By Mike Lillis - 07/01/10 10:10 AM ET

Federal safety inspectors last month took a closer look at troubled mines that had previously avoided special review due to a lack of government funding, the Mine Safety and Health Administration (MSHA) announced Thursday.

The action came following a damning report from the Labor Department's Office of Inspector General (OIG), which found MSHA officials had instructed inspectors to skip reviews of many unsafe projects because the agency lacked resources.
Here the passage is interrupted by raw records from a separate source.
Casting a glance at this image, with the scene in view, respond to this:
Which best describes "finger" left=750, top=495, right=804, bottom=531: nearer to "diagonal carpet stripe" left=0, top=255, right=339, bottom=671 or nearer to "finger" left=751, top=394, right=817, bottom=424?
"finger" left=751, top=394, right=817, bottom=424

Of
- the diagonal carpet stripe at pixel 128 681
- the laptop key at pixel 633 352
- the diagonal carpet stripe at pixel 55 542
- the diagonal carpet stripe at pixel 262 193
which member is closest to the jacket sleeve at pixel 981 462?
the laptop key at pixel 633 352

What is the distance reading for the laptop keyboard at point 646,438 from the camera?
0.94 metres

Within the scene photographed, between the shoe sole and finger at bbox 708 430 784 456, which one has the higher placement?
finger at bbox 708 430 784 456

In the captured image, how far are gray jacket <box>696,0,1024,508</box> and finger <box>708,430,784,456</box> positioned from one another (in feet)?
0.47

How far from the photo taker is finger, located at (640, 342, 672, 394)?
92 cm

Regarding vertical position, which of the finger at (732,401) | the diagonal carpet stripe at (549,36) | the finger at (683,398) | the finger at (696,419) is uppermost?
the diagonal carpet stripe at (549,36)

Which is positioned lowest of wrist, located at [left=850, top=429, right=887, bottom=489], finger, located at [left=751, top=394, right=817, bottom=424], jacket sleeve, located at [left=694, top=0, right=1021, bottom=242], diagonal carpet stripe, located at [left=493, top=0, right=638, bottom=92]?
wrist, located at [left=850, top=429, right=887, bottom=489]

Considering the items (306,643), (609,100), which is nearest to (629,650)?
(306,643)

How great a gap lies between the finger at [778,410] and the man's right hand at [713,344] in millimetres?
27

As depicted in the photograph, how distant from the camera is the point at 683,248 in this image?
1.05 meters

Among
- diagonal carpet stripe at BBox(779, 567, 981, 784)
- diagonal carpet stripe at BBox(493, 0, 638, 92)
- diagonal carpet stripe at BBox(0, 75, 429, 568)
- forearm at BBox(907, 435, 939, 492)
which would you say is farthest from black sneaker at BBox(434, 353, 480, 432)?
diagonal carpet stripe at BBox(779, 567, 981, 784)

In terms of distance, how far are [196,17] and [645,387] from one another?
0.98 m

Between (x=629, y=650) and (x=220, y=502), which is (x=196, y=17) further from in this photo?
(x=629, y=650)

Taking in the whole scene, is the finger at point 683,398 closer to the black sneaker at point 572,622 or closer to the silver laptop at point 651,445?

The report immediately raised the eyebrows of some top Democrats, who are calling for stricter mine safety rules — and a review of MSHA's funding.

Last year, MSHA had identified a number of mines suspected of disregarding safety rules in the name of increasing production. Under rules in place at the time, regional inspectors were supposed to examine those operations to see if they fit MSHA's "pattern of violations" (POV) status, which could result in the closure of unsafe mines. Instead, OIG found, a top MSHA official told regional offices to "select no more than one mine on the initial screening list per field office and a maximum of three mines per district."
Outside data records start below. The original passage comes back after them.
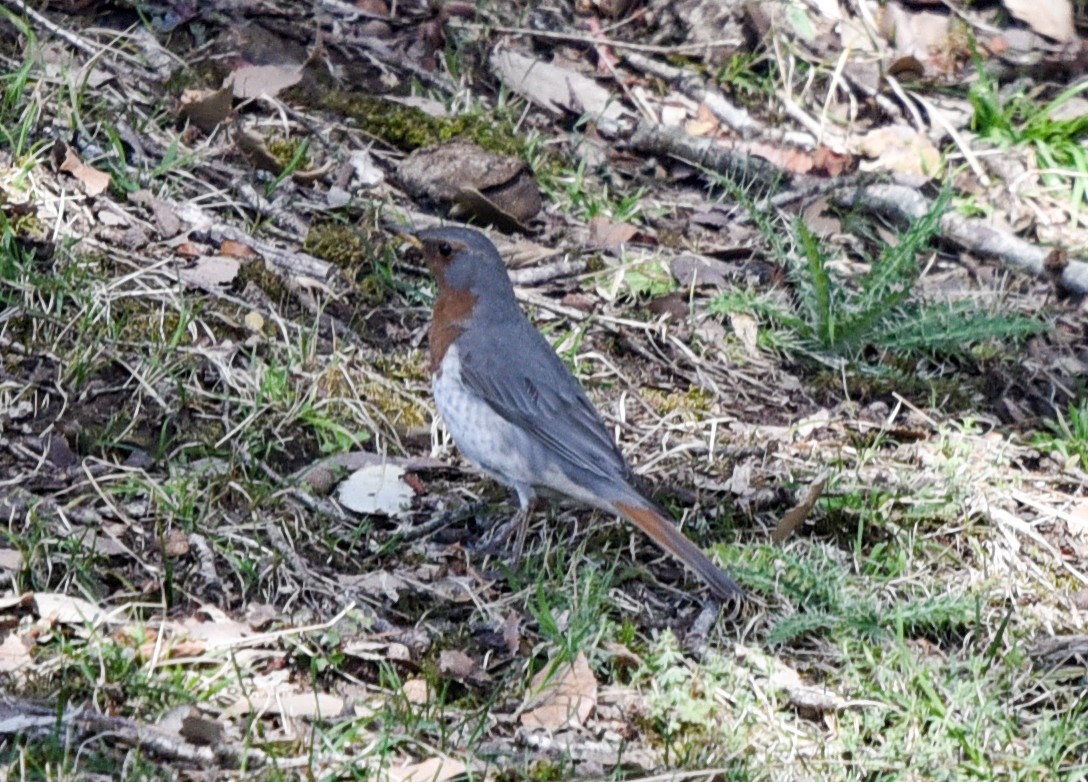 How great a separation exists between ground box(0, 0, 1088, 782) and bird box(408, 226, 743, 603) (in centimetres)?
23

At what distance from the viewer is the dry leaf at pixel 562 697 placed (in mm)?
4301

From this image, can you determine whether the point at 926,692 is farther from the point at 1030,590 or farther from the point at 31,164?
the point at 31,164

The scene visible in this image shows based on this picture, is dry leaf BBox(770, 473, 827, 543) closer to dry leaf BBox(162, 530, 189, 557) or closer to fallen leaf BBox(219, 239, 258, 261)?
dry leaf BBox(162, 530, 189, 557)

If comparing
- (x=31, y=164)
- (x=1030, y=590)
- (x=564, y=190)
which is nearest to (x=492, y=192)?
(x=564, y=190)

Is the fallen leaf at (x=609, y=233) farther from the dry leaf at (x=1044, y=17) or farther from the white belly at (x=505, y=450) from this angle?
the dry leaf at (x=1044, y=17)

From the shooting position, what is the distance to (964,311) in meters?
6.65

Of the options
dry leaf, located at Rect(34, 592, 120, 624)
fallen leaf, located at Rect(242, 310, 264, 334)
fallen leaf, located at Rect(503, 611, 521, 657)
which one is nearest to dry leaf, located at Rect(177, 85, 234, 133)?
fallen leaf, located at Rect(242, 310, 264, 334)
The OIG warned last week that there was no evidence the dropped mines "had reduced their rate of significant and substantial violations. As a result, miners may be subjected to increased safety risks."
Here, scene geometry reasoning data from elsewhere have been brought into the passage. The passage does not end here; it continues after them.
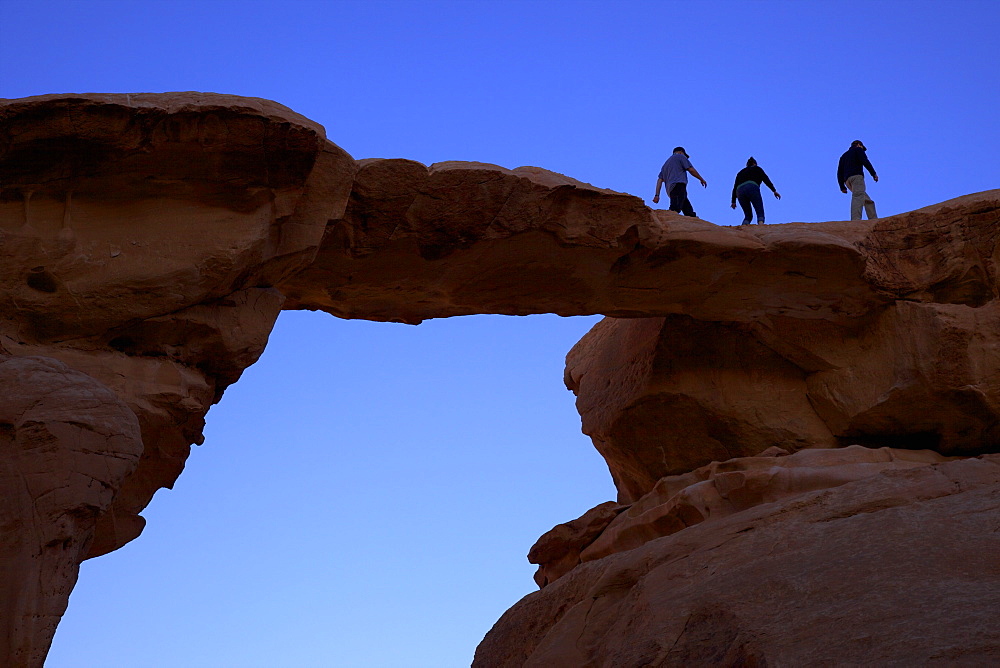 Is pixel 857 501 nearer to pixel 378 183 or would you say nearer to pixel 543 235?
pixel 543 235

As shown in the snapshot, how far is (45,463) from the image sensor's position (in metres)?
7.45

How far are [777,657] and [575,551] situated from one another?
646 cm

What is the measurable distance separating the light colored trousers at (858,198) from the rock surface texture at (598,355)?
1.14 meters

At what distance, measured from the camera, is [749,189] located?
1331 centimetres

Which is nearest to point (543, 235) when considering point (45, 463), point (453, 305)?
point (453, 305)

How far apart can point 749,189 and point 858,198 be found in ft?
4.29

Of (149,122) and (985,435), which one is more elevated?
(149,122)

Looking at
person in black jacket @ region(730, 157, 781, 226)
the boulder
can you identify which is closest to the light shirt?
person in black jacket @ region(730, 157, 781, 226)

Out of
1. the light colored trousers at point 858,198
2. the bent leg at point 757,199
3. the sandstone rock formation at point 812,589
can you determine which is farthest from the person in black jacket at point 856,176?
the sandstone rock formation at point 812,589

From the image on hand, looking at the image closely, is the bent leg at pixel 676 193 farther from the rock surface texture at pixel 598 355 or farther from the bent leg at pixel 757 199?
the rock surface texture at pixel 598 355

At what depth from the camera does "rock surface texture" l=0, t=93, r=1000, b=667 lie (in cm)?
644

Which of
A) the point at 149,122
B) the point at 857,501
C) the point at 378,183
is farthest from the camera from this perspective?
the point at 378,183

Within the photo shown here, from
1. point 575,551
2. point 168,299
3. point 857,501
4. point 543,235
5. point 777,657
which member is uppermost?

The warning wasn't lost on MSHA, which, in the past week, inspected all of the mines that were dropped as a result of that policy, the agency announced Thursday.

Joseph Main, who heads MSHA, said the policies and mindset allowing those projects to escape earlier scrutiny have been abandoned under his watch.

"The career leadership at MSHA was following the existing policies in place prior to my arrival at MSHA, and I do not agree with these policies," Main said in a statement. In the future, Main added, enforcement decisions "will be based solely on what is best for the safety and health of the miners."

On Capitol Hill, some top Democrats say the OIG report is a clear indication Congress needs to evaluate MSHA's funding.

"Agency resources," Sen. Jay Rockefeller (D-W.Va.) said last week, "should not be a factor when MSHA determines whether or not to take enforcement action to protect miners from safety violations."